The president added that the Nigerian government decided to allow the security agencies, as well as the NCC and MTN to “deal with the issue”.
He however said “unfortunately for MTN, they went to court and once you go to court, you virtually disarm the government, because if the Federal government refuses to listen to the judiciary, it is going against its own constitution.
“Therefore, the government has to wait and I think MTN has seen that and decided to withdraw the case and try to go back and negotiate with government agencies on what they consider a very stiff fine can be reduced or may be given time to pay gradually.”
On his part, the visiting South African president was asked about Nigerian funds which were seized by the South African government during the administration of former President Goodluck Jonathan as well as the xenophobic attacks in South Africa by citizens of the country against other African nationals.
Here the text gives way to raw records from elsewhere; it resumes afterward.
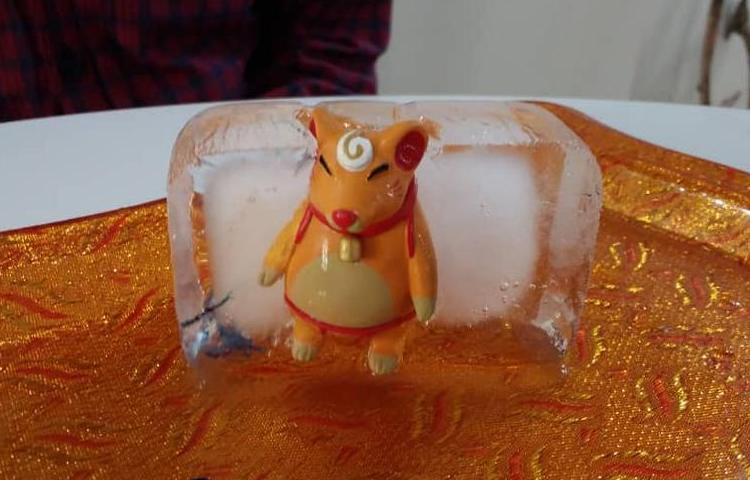 بازی با یخ 4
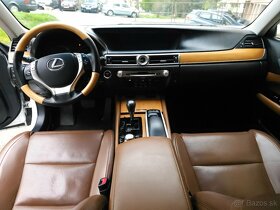 Lexus GS450h - 7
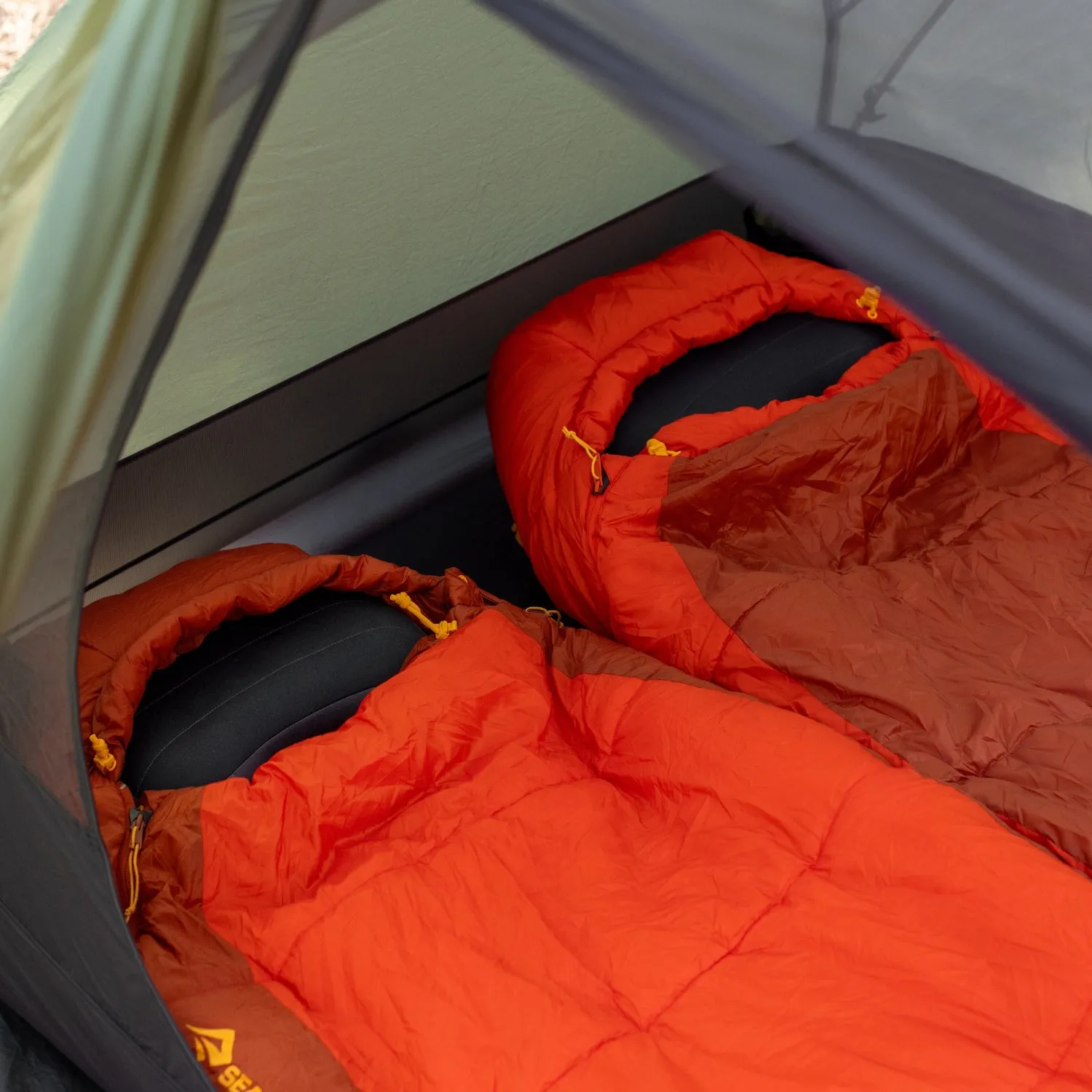 Sea to Summit Hamelin Synthetic Sleeping Bag -1°C
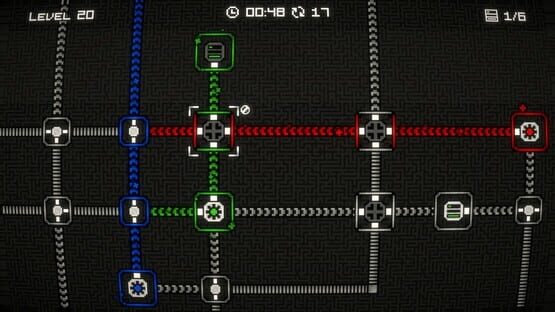 Screenshot SPIN Protocol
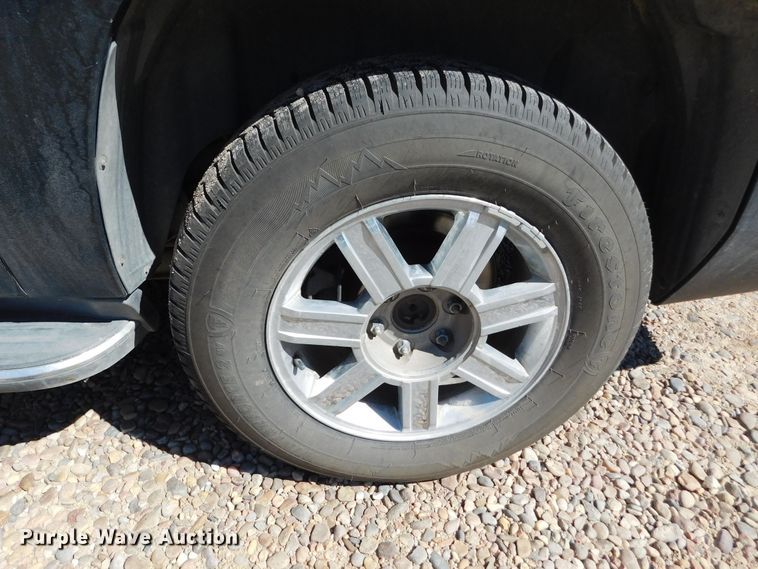 image for item GP9567 2007 Cadillac Escalade ESV  SUV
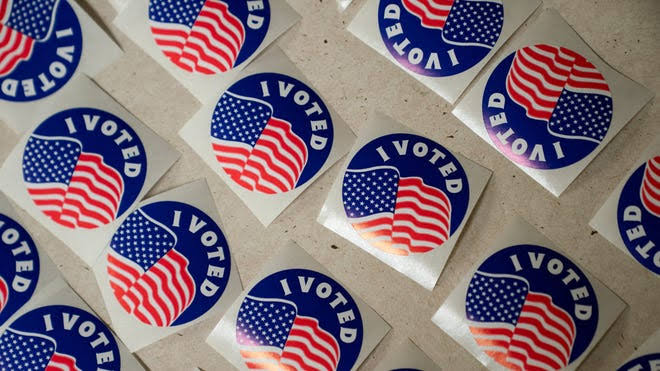100 days until the midterms: Dems lead in polling, GOP in redistricting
Mr. Zuma said Nigeria and South Africa are currently working the issue of confiscated funds.
“Relevant structures are working on it and there are some that have been discovered and recovered, but there are some that the necessary departments are doing investigation. We would certainly appreciate if we succeed in recovering all other issues so that they would be returned back,” he said.
On Xenophobia, Mr. Zuma said it was an unfortunate experience because, as he said “all Africans are the same. It is the colonialists through borders that make us to think we are different from one another”.
He said as far as the South Africa government is concerned, all Africans are the same and that view is what is being used to address the unfortunate incidence of xenophobia adding, “we believe we have dealt with these issues and we need this kind of inter action among countries.
“We like our people in both countries and other countries to realize that we are the same. We have the same objectives and the same interest and we have the same kind of destination as Africans,” he said.
Mr. Zuma had also earlier informed the gathering that the discussion held with President Buhari centred on reviewing various bilateral and multilateral issues.
He said the two leaders have noted with satisfaction the ever growing cooperation in many sectors including trade and investment; defence and security; immigration matters; energy; mineral resources, and others.
He also said they have recognised the important role played by the South Africa-Nigeria Binational Commission since its inception in 1999.
“As we forge a strategic partnership between the two sister nations, we have decided to elevate the Bi-National Commission to the level of Heads of State.
“In this way my Brother and I will be able to lead as well as monitor progress in various areas of cooperation,” he said.
Mr. Zuma said Nigeria and South Africa have signed over 30 bilateral agreements and memoranda of understanding.
These agreements, he said, cover a wide range of cooperation areas including trade and industry, transport, energy, defence and security and immigration among others.
“We have directed the relevant Ministers to move with speed in implementing all signed agreements.
“We have also directed our Ministers to identify joint projects in the key high impact strategic development areas, which will have socio-economic benefits such as employment creation to our peoples,” he said.